Drive carefully as you pass Noel Edmonds gently rubbing Blobby’s belly as he’s getting sick on the side of the road. The Blobmobile is pulled into the ditch, hazard lights blinking in a pinkish hue, Blobby chucking up his breakfast, lunch and dinner made all the more entertaining by his googly eyes and vacant stare. The person inside the suit is begging to get out, sweating from motion sickness and synthetic fibres, but Edmonds won’t allow it. “You’ve got to commit to the character”, he stresses as his back rubbing gradually gets lower and lower down Blobby’s back.

 

Caution – Brexit ahead!

Because it is a catastrophe lol! Proceed with caution as you drive down this wonky road without a seatbelt, steering wheel, line of sight or indeed car itself. You must navigate your way with 66 million other confused people in the dead of night, blind, hungry, thirsty and physically weak.

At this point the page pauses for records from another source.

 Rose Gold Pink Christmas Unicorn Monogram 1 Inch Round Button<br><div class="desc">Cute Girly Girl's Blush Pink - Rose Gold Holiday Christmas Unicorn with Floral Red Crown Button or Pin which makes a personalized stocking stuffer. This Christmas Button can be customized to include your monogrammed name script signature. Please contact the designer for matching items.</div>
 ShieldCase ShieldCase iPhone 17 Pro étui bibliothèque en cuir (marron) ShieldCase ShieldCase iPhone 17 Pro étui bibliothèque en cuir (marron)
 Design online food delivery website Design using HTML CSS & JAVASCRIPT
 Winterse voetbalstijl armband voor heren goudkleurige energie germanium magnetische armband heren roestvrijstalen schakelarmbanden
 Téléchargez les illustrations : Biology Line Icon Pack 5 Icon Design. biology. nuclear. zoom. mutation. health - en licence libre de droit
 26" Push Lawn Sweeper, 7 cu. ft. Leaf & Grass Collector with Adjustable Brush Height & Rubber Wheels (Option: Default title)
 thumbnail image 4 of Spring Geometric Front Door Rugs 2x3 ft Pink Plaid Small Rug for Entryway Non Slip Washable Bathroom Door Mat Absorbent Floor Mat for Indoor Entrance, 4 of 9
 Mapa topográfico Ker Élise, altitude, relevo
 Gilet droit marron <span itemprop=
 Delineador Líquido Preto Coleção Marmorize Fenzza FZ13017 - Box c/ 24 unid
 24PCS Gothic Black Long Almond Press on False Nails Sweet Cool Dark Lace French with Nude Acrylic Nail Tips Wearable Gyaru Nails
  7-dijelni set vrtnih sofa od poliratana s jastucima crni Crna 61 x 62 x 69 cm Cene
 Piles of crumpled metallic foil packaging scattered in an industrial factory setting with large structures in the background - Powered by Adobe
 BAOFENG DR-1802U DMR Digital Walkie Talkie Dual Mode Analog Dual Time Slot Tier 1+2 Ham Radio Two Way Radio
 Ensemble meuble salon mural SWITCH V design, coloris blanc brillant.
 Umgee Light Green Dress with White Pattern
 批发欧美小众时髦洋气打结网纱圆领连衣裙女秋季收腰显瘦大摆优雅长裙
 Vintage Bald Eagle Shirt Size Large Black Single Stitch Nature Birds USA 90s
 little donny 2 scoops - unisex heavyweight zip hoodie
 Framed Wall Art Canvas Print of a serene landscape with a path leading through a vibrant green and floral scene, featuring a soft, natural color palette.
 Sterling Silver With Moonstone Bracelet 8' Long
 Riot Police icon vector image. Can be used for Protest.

Your phone has no signal so you can’t use a map. Instead, you must fall to your knees and crawl into the abyss, weeping at the state of the world and cursing those in charge who have led us all into this shit show.

 

Caution – Teletubbies ahead!

Remain vigilant as the ‘Tubbies try to distract you with their multicoloured midriffs competing for your attention by showing your four favourite television shows at all the best parts. Tinky Winky, Dipsy, La La and Po will be plodding along aimlessly across the road with little regard for road safety. Keep an eye out for random shower heads rising from the ground like some kind of hellish reminder to clean yourself on a regular basis. Maybe stop and purchase some Tubby Custard for sustenance – available at competitive prices!

 

Caution – Everything fine up ahead!

Nothing to worry about here, simply drive as you normally would once you see this warm and reassuring sign. Just kidding! When you shine your headlights on the silhouette, flames appear to provide a sufficient hint of fear. Everything is fine, but also on the whole, everything is not fine. Your car might break down at any minute. Maybe it will explode. Or fail its next MOT. Not to worry, that’s a problem for another day. Keep on truckin’, champ! This is fine.

 

 

Caution – Absolute jester up ahead!

Mate! You’ve been had! You should see your face right now. You looked right at the hand, now you’re getting the gentle arm punch of a lifetime. Don’t try to deny that you looked at it because this modern-but-necessary road sign has built-in infrared technology that scans your retinas. It knows if you’ve looked. Simply drive your car to the designated area up ahead where a member of the Department for Transport will give you a punch. Congratulations for paying attention to the road signs, even though this one has absolutely owned you.

 

Caution – Ogres ahead!

Turn your car around and go home immediately, this is not a road you want to go down. Ogres are notoriously grumpy pricks. The Shrek movies have drastically misled the public with regards to the temperament of ogres and these road signs are here to remind you of that. If you enter an ogre-heavy area, what happens after that point is entirely your own fault. Swamps are ogre territory. You are not going to find a whimsical donkey eager for companionship on this road, nor an adorable footwear-laden cat. Turn around and go home. You’ve been warned.

 

Caution – Mum & Dad’s disapproval of your career choice ahead!

Or whatever you see yourself lol! Stay woke.